Sanja Kulenovic is a Russian-born Bosnian, now an American citizen, who has called Southern California home since the early 1990s, when she was stranded due to the Bosnian War. She studied economics and English language and literature at the University of Sarajevo, where several of her essays and short stories appeared in the university’s magazine. In 1993, she presented a speech at a United Nations-sponsored event for Bosnian women and children. Since then, Sanja has earned a master’s degree in economics and has been working as a financial analyst for an engineering corporation that helped rebuild Bosnia’s infrastructure after the war. She resides in Los Angeles with her husband and two daughters.
What prompted you to write The Siege of Sarajevo and share your family’s personal experiences with readers?
It started about ten years ago, when I found a stack of letters my family and friends wrote to me from the besieged Sarajevo in the 1990s. My children were eleven and eight at the time and had no knowledge of the events that took place in the Balkans then, except that their “grandmas and grandpas lived through a war.” The more I read the letters to them, the more questions they asked, and I realized a had a job to do. I began organizing the letters by years and translating them into English, in the process creating an authentic and a very unique “historical document” intertwined with deep personal notes and my own story of immigrant life in America.
I wanted my daughters and other Bosnian immigrants’ children to learn what had happened in Sarajevo and to their families trapped in the longest siege history remembers. I wanted them to learn by reading the words of those who experienced it, not just history books. I wanted them to remember it and to keep it alive for the next generations to come.
I believe the story of Sarajevo, however unique, is also universal. It will make you laugh, cry, and appreciate ordinary things in life—for you never know when they might be out of your reach.
Which writers and works inspired you to put your own story on paper?
I love reading true stories and learning about other people’s experiences in life. But, for my book, I did not find inspiration in the works of others. This was a very personal endeavor, something I decided to do on my own.
As a first-time author, what challenges did you face in your writing process, and how did you overcome them?

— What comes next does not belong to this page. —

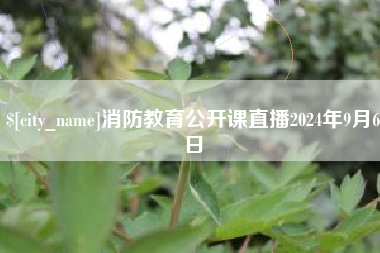 宜阳消防教育公开课直播2024年9月6日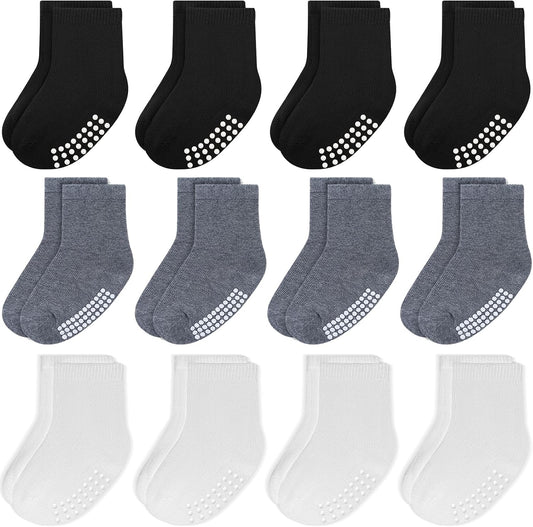 Baby Toddlers Crew Socks with Non-Slip Grip 12 Pack Cotton Stretch Socks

For me, the big questions were, Do I know how to write and can I do it in English? It is one thing to talk about your life with a group of close friends, preferably in Bosnian, and entirely different to put it on paper for a wider audience, readers you don’t know, in English. I had constant doubts about the quality of my work and would write, edit, delete, write again—which often felt like moving in circles with no end in sight. To overcome this, I started asking my family and friends to read my work, telling them it was still in early stages, to make them feel more comfortable critiquing it. This helped me gain much-needed confidence in my writing abilities as I realized that most of what I had done was actually decent work, not just “early drafts.”
Writing a book, like any other long-term project, requires persistence. That, to me, is the key, especially for first-time authors, who often embark on a writing journey without a clear plan—at least I did. But I was determined and disciplined. At times when I, for various reasons, could not write, I still thought about the book, researched, translated, sorted things out, and planned next steps. Even though it was ten years in the making, there was never any doubt in my mind that I would finish it.
What advice would you give to other aspiring authors who might be struggling to revisit personal traumas or tragedies?
This is a hard one. There aren’t any rules on this and everyone is different. For me, writing was often like a psychological therapy session, but at other times, it was a difficult and depressing task. The same is true for the readers: Some of my friends who lived through the war told me they could not read my book at all; others read it in one sitting and found it uplifting and positive.
My advice to everyone is to try. I think it can be a powerful healing process, because the primary focus of it is writing, not thinking per se. Even though you are revisiting unpleasant events of your life, you tend to look at them from a somewhat different angle and with an added dimension: how to put it all on paper. That, I found, takes away at least some of the burden.
What has been the most fulfilling part of the writing and publishing process for you?
When I finished the book, I felt more accomplished than ever before. This came as a big surprise to me at first, but I now understand it. Everything I had achieved in my life prior to writing a book, both personally and professionally, I expected of myself. I aspired to do certain things and I did them. But no one, including myself, expected me to write a book. It was not an ordinary thing in life; it was not something “needed,” such as a degree or a job, or something “required,” such as to be a good daughter or a good mother. I feel I have done something big, extraordinary, and I am greatly enjoying it!
What’s the primary takeaway you hope readers get from The Siege of Sarajevo?
Although Sarajevo’s siege was on prime-time news all over the world for years, I feel it has now been largely forgotten. Bosnia is a small country far away, and a new generation was born after the siege ended, more than twenty years ago. My wish, however, is to keep the story of Sarajevo alive, because it is worth telling. The heroism, stoicism, strength, and spirit that carried Sarajevans, my family included, through 1,425 days of siege is unparalleled. The Siege of Sarajevo is proof that “something to live for” is always there and is worth fighting for. I hope everyone who reads my book takes away some of it with them and becomes a little bit stronger in their own life battles.